Nuts and bolts of earning media coverage:

  • Build your media list

    • Use our online media guide
    • Use the internet
    • Check in with allies
    • Read the newspaper and keep an eye out for which reporters are most likely to write the story
    • Link to find all local media outlets: http://www.congress.org/congressorg/dbq/media/
  • Send out the advisory 2-3 days before the event

    • Localize it for your city
    • Find good messengers to quote in the advisory
    • Most folks use email, but some still prefer fax. Just ask.
  • Contact reporters individually

    • Follow-up after you've sent the advisory. Make it clear why it's incredibly important that they cover your event. This call is the most important part of earning media coverage.
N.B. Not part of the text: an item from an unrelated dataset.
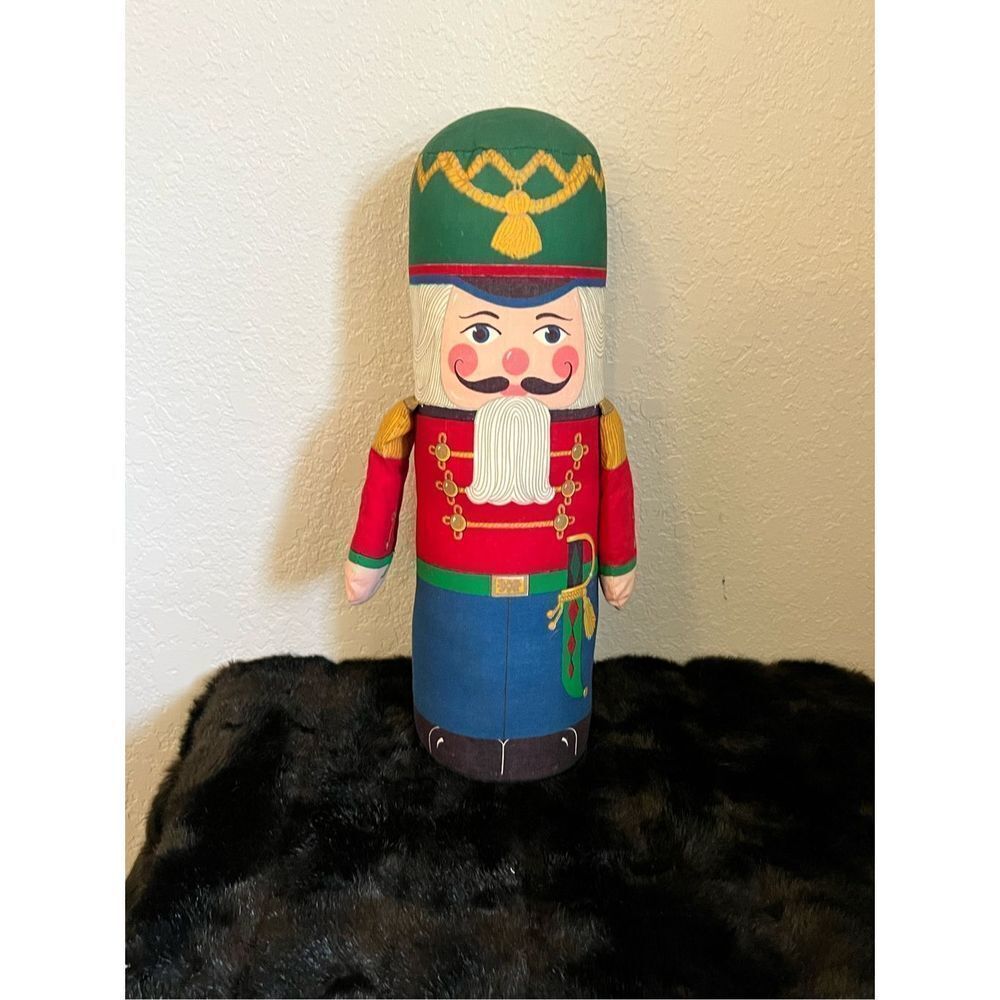 Vintage Retro Christmas Cloth Nutcracker Toy Soldier 17.5 X 8 Inches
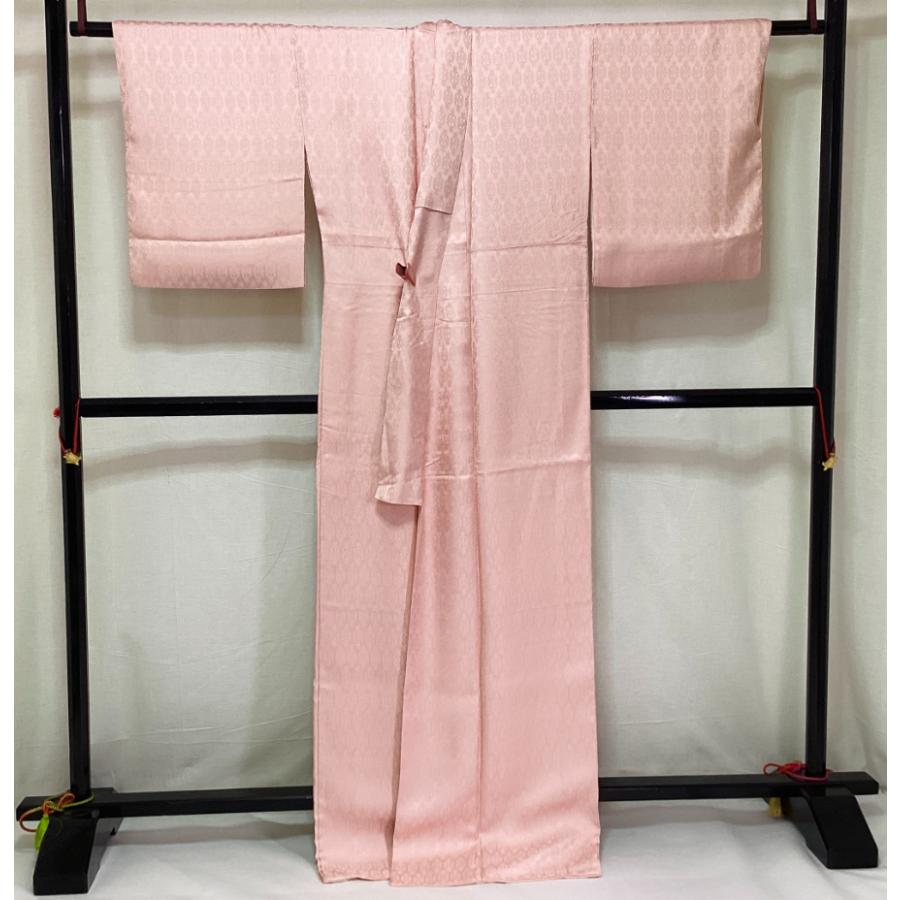 中古品 正絹 色無地 袷きもの 紋綸子 23028 t : 愛スタイルきもの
    • Call reporters on the day of the event. Give them a quick update (like how many people you're expecting) and then pitch them on coming again. Make sure they still have your advisory and re-send it if they don't.

  • Look for reporters at your event

    • Greet them and answer any questions they have.
    • If they have cameras, help them get the shots they're looking for

    • If you have any good volunteers with powerful stories, introduce them to reporters

  • Follow-up

    • If the media was present at your event, it's a great idea to follow up with them and send them any photos or other information from your event, and ask them when they plan to publish their story. It's also helpful to ask them if they need any other information to write a great story.

    • If the media wasn't present at your event, give them a call to let them know how it went, and send in or drop off photos and a summary of the outcome of the event.